Monos, planète-océan parsemée de volcans et d'atolls, subit l'influence de sa lune Mavros, associée au Chaos. Les années s'y déroulent par cycles de cinquante : durant les quarante-neuf premières, l'Équilibre est maintenu par le pouvoir des mages-familiers. La cinquantième, lorsque Mavros est au plus près de Monos, livre les îles au Chaos ; puis un nouveau cycle démarre... Lorsque la petite Aione nait sous le faré d'une famille heureuse, l'année du Chaos est encore loin. Pourtant, cette étrange enfant à la peau bleue et à la croissance impossiblement rapide semble annoncer un bouleversement et les signes de désÉquilibre ne tardent pas à se multiplier... À commencer par le volcan de l'île qui se réveille, comme investi par l'esprit du Chaos.
La grande force de ce roman (en plus de la plume de son autrice), c'est cette famille au départ sans histoire qui maintient cohésion et tendresse face à l'inexplicable et aux dangers. Il y a Tahore, la mère, force tranquille qui se mue en lionne lorsque sa famille est menacée ; Noun, le père, mage-familier du village au caractère bonhomme ; et puis les deux frères qui développent des pouvoirs inattendus au contact de leur soeur : Aether, l'aîné empathique qui devient sensible aux éléments, et Gê, le cadet ni garçon ni fille dont les visions lèvent le voile entre passé présent et avenir ; enfin Aione elle-même, incroyable enfant à la peau marbrée d'étoiles et au pouvoir apaisant, confrontée au terrible destin que ses particularités lui dessinent : sera-t-elle une force d'Équilibre ou un instrument du Chaos ?

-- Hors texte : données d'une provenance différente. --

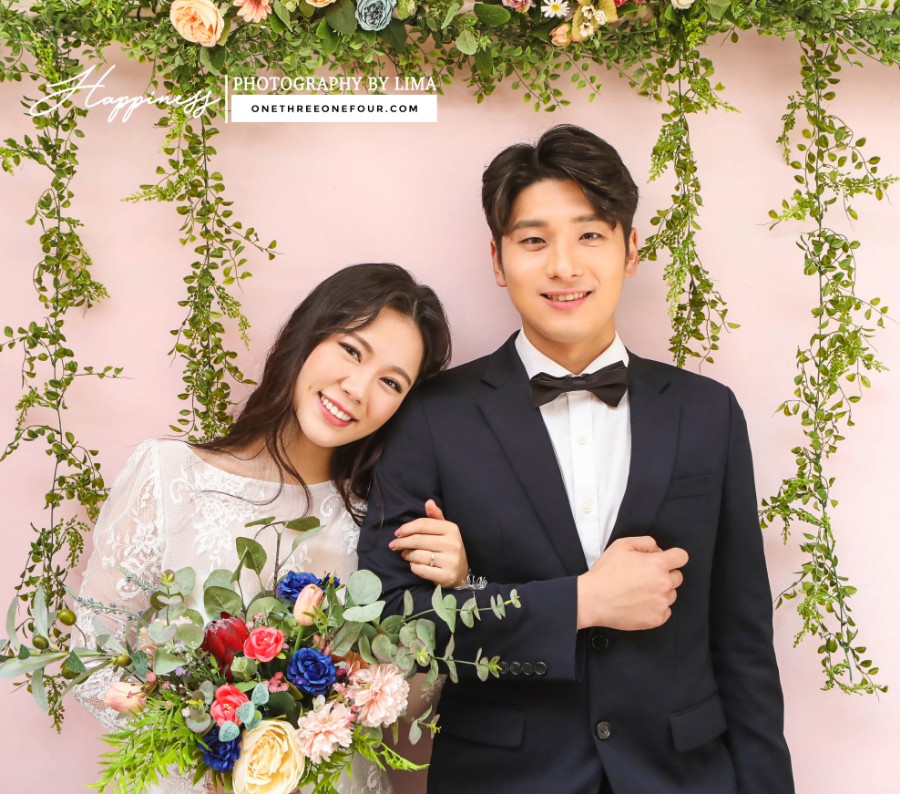 Happiness Studio 2018/2019 Concept - Korean Pre-Wedding Studio by Happiness Studio on OneThreeOneFour 26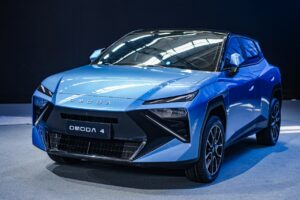 Chery : le crossover Omoda 4 taillé pour l'Europe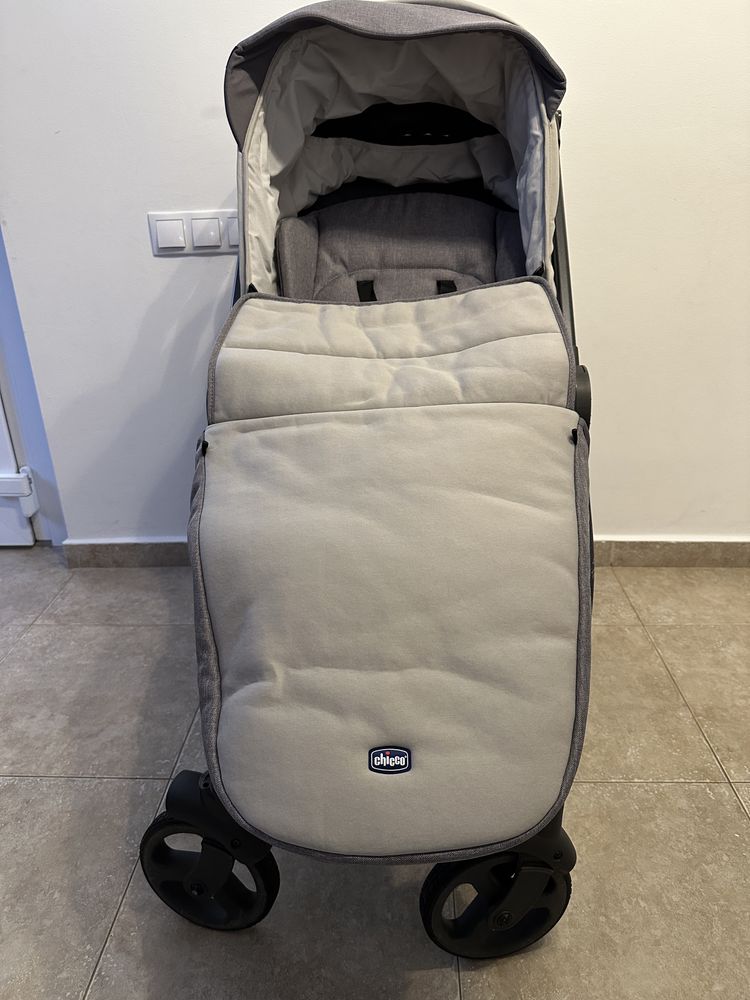 Vand carucior Chicco style Go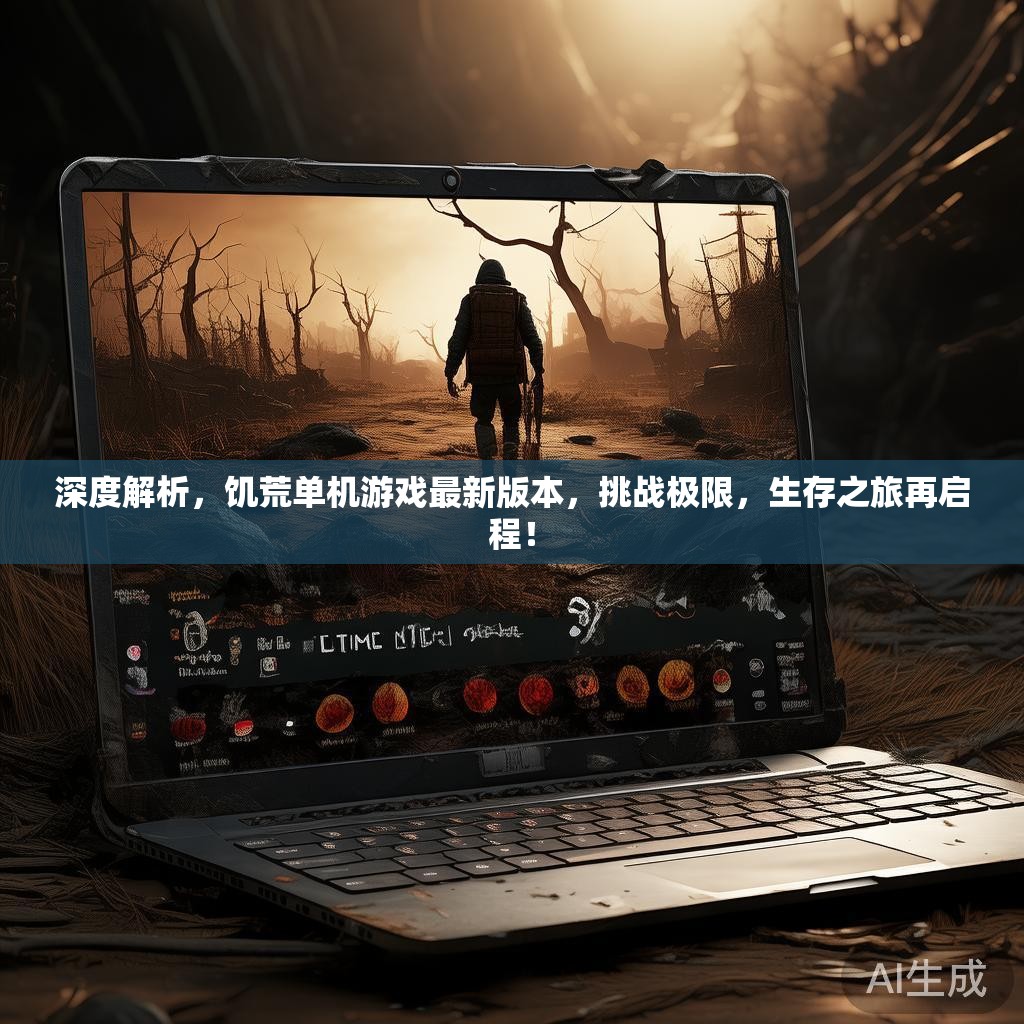 深度解析，饥荒单机游戏最新版本，挑战极限，生存之旅再启程！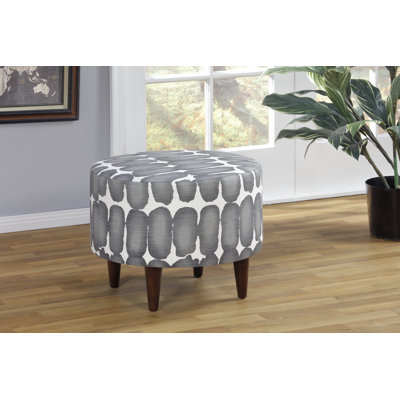 Meila Upholstered Ottoman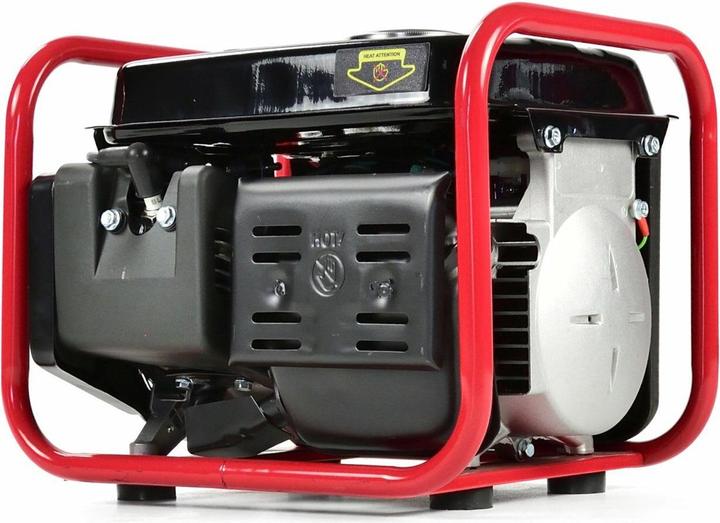 Produktbild Tvardy Benzin-Rahmen-Stromerzeuger 2 PS/720 W (720 W)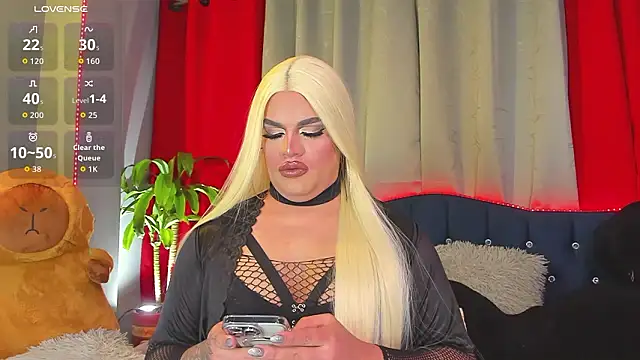 Missisabella  online show from January 2026 01:09:02 AM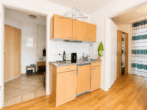 Küche - Barrierefreie 2-Zimmer-Wohnung mit Balkon und Aufzug – attraktive Kapitalanlage in Laatzen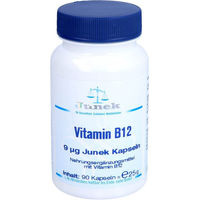 Produktbild von Junek Vitamin B12 9 µg Kapseln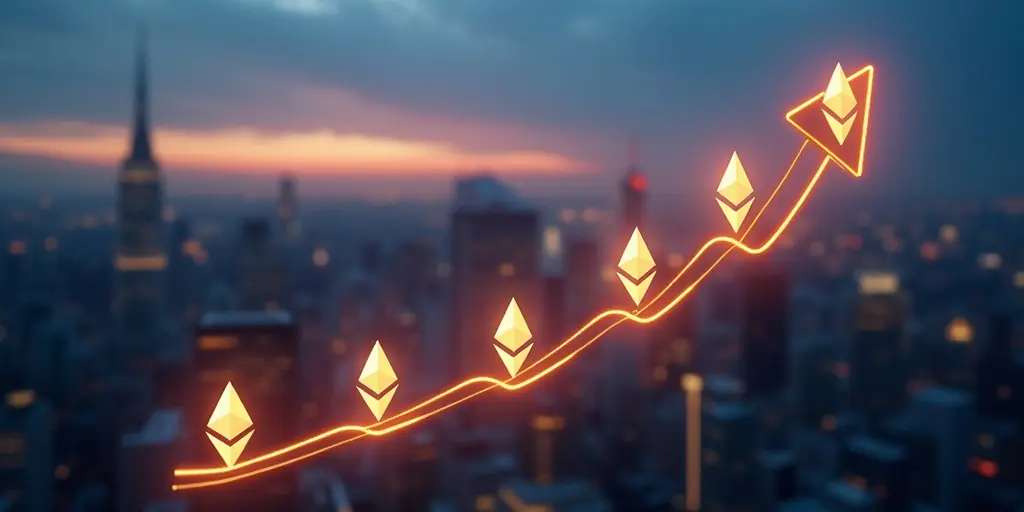 Ether vs. Bitcoin: Bullischer als gedacht?
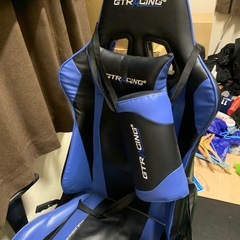 ゲーミングチェアの画像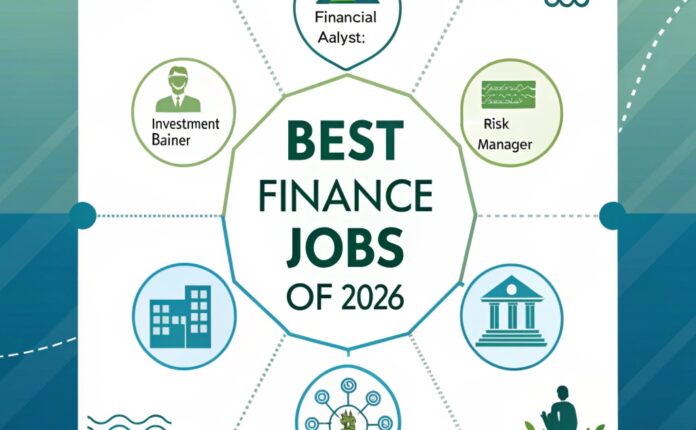 Best Finance Jobs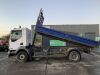 UNRESERVED Daf LF FA55.180 14T Manual Tipper Truck - 2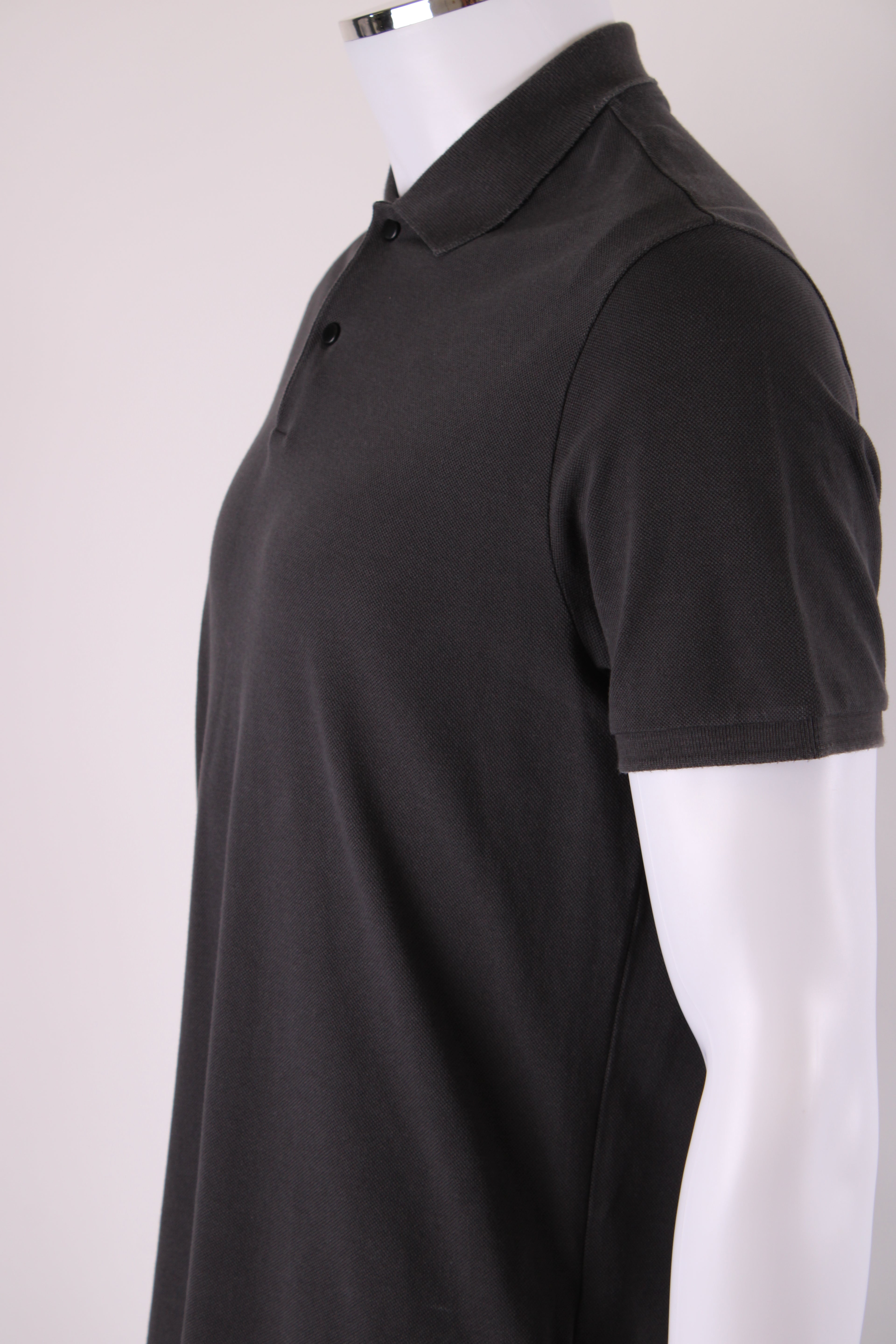 Sandro Polo Washed Grey S
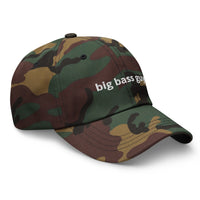 Big Bass Guy™ Dad Hat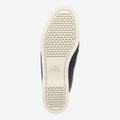 Sebago PORTLAND ARTISAN - Blau - Draufsicht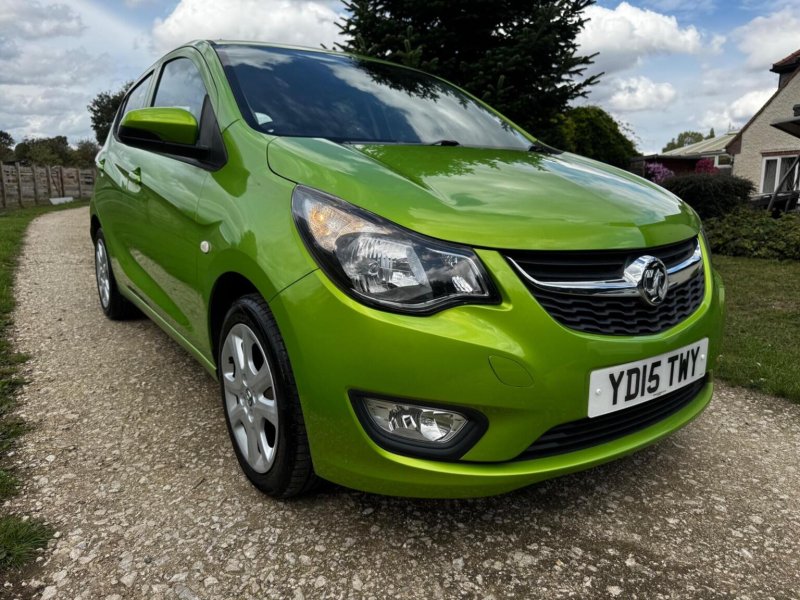 VAUXHALL VIVA 1.0i SE Euro 6 5dr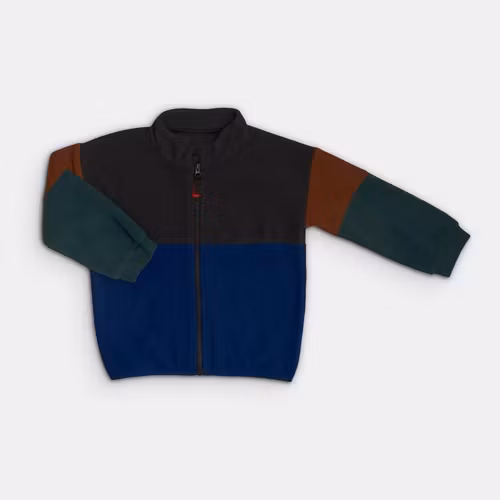 Fleecetröja - H&M - Storlek 92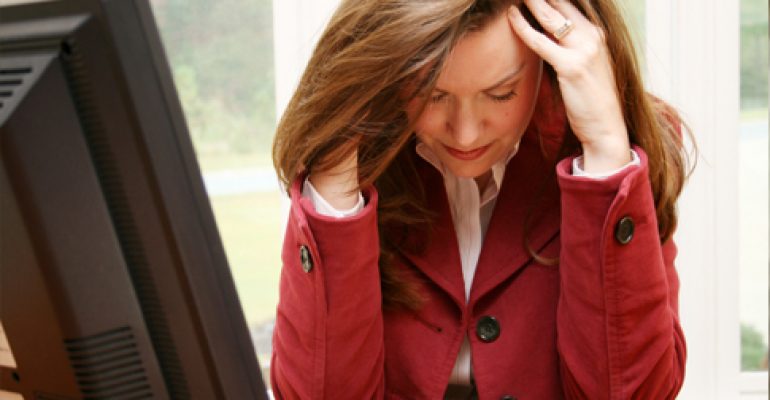 LE DONNE VINCONO MEGLIO LO STRESS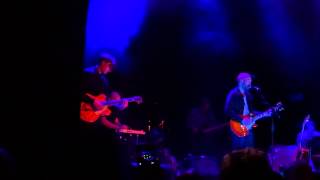 Ben Watt with Bernard Butler and David Gilmour - The Levels - Islington Assembly Hall 19/05/2014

J'ai adoré cette famille aimante et cet univers aux racines venues du Pacifique. Une Maison de Feu parle de force familiale, de confiance et d'harmonie, dans un récit qui met en valeur la puissance féminine sans éclipser la valeur masculine, et en ouvrant les bras à la diversité. Et ça fait DU BIEN ! Détail qui n'en est pas un : c'est la première fois que je lis une scène d'accouchement qui fait coexister l'amour, la tendresse, la sensation d'accomplissement, la douleur, l'effort et l'émerveillement... au lieu d'en faire une épreuve dominée par la souffrance, le stress et le risque que ça ne se passe mal. Rien que pour ça, bravo.
Bref,
Silène Edgar invente un monde tout infusé d'amour pour la Polynésie, et y conte l'histoire d'une famille qui fait front pour protéger ses membres et sa communauté avec tendresse, malgré les doutes et la vie qui les frappe durement. L'Équilibre, mélange de sérénité et de résilience, d'impermanence et de douceur, irrigue les mots comme l'histoire, même lorsque c'est le Chaos qui l'emporte.
Et c'est beau comme des alizés qui défieraient un ouragan.